You can download the source and binary of Penguin here - there's no version number attached to this yet, it's very alpha. There is no documentation, but the source code might give you some clues. Sorry about this, I haven't had time to do much work on it recently. Also in that archive, you'll find EDisAsm, an attempt at a disassembler/investigative tool for SIBO. Again, it's unfinished, but it's a start. It'll allow you to dump bytes or words of memory, and to view the Interrupt Vector Table. It'll eventually have a V30 disassembler, but that's some way off. It also allows you to transfer sections of memory (ROM / RAM dumps) to your PC for investigation on a large screen ;-)

Penguin has two functions:

  • Memory Dumper, uses XMODEM, and isn't finished.
  • SIBO-Linux Kernel Boot Loader (currently unfinished)

4.1 EDisAsm the Memory Dumper

Currently, EDisAsm allows you to take a snapshot of your Psion's memory, from address 0x00000 to 0xFFFFF. This will be invaluable for working out what is happening Inside SIBO, and for running the SIBO Emulator.

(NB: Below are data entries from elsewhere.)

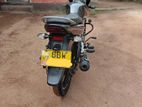 Bajaj Discover 125 2014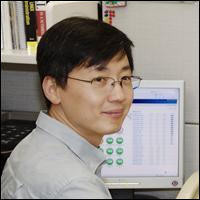 Justin Ahn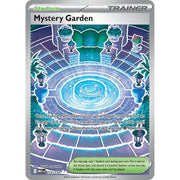 Mystery Garden MEG 172/132 - Holo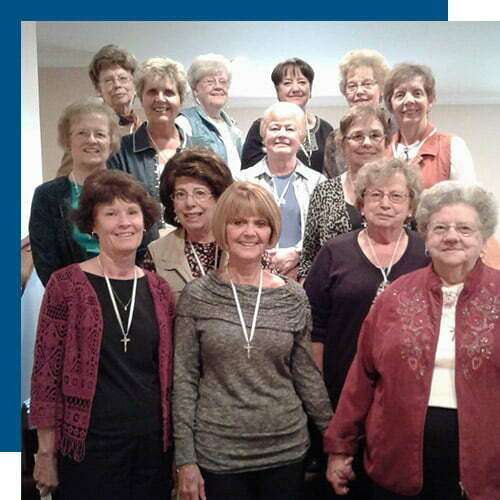 Ladies of Charity - Quincy, IL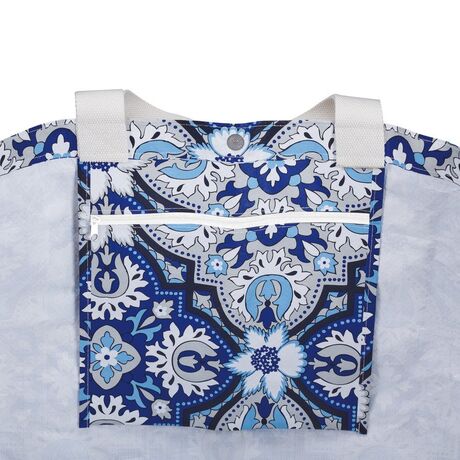 Τσάντα Παραλίας 80x34x36cm Palm Club Oztrail Bells Beach Blue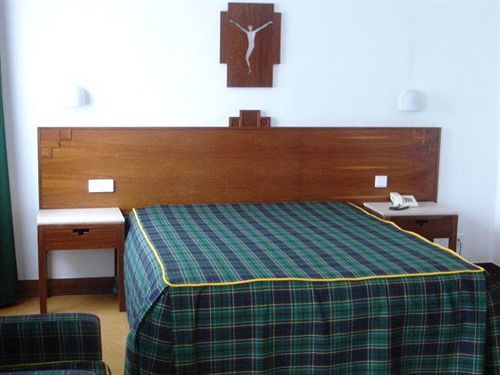 Hotel Casa Irmas Dominicanas - By Flagworld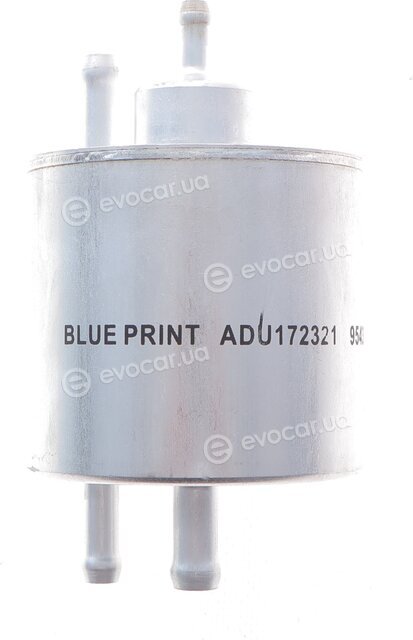 Blue Print ADU172321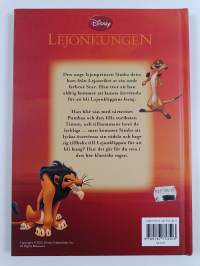 Lejonkungen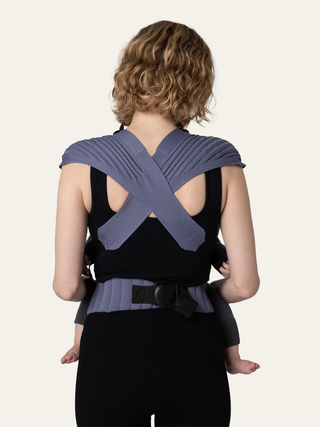 Flybaby Babytrage - Haze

However, the Psion's memory is bank-switched, like this:
Address RangeDescription
0x00000 - 0x5FFFFMaps to the bottom physical 384KB of the 16MB RAM space
0x60000 - 0x6FFFFBank switched RAM. Maps to a 64KB RAM segment selected by page register PSEL0
0x70000 - 0x7FFFFBank switched RAM. Maps to a 64KB RAM segment selected by page register PSEL1
0x80000 - 0x8FFFFBank switched ROM. Maps to a 64KB ROM segment selected by page register PSEL2
0x90000 - 0x9FFFFBank switched ROM. Maps to a 64KB ROM segment selected by page register PSEL3
0xA0000 - 0xFFFFFMaps to the top physical 384KB of the 16MB ROM space
My investigations have so far been concentrating on the ROM areas, and how to obtain a decent snapshot of them. It appears that on a 1MB RAM 3c, the 0x80000-0x8FFFF area is not used, and is merely a copy of the memory found at 0x90000-0x9FFFF. There are ROM routines for selecting the bank to be switched into the 0x900000 space; no corresponsing routines have been found to switch the 0x80000 range, so direct manipulation of the relevant I/O ports has eben attempted.

See I/O Ports for details of the ports PSEL0..3, and how to alter them.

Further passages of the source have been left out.